2025年12月22日にマイナーチェンジを発表した日産アリア。新型の価格は667万円からとなりましたが、市場には今、走行数千kmの「マイナーチェンジ前」モデルが400万円台で掲載されています。

注目すべきは、それらが走行距離わずか数千kmという「新品に近い」状態でありながら、新車で最大129万円の多額な補助金を受け取るよりも、さらに安く手に入るという現実です。補助金特有の“4年縛り”を回避し、賢く乗るための選択肢を解説します。

新型は667万円へ。
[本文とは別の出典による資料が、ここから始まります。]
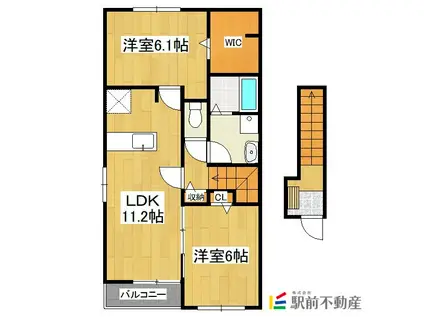 ノーブル筑前I(2LDK/2階)の間取り写真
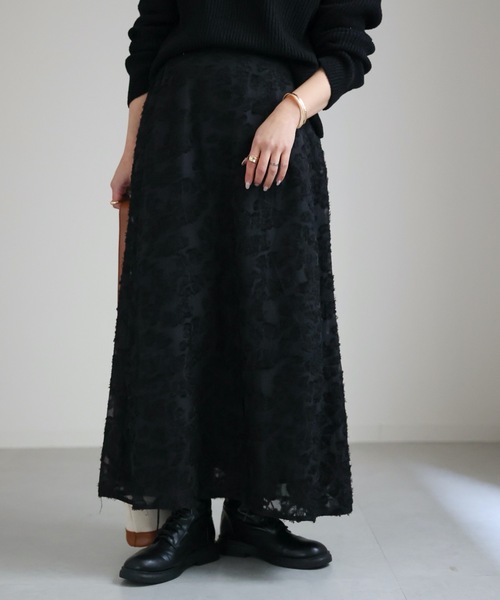 ap retro（アプレトロ）の「フラワージャガードスカート（スカート・レディース・ブラック/アイボリー・FREE）」の18枚目の写真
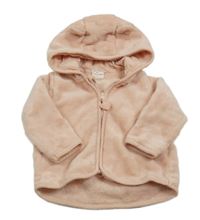 Světlerůžová srdíčkovaná chlupatá bunda s kapucí H&M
一方で「400万円台」が溢れるアリア相場の現状

日産のフラッグシップEV、アリア。

その静粛性や内装の質感が評価されていることは知っていても、「600万円、700万円」という新車価格を見た瞬間、自分には関係のないクルマだと検討リストから外していた方は多いのではないでしょうか。

実際、EV需要の落ち着きが叫ばれる昨今、これだけの金額を電気自動車に投じるのは勇気がいります。さらに、2025年12月にマイナーチェンジを発表した新型モデルは、ベースグレードの「B6」でさえ新車価格は667万5900円からとなりました。おいそれとは手を出せない価格帯です。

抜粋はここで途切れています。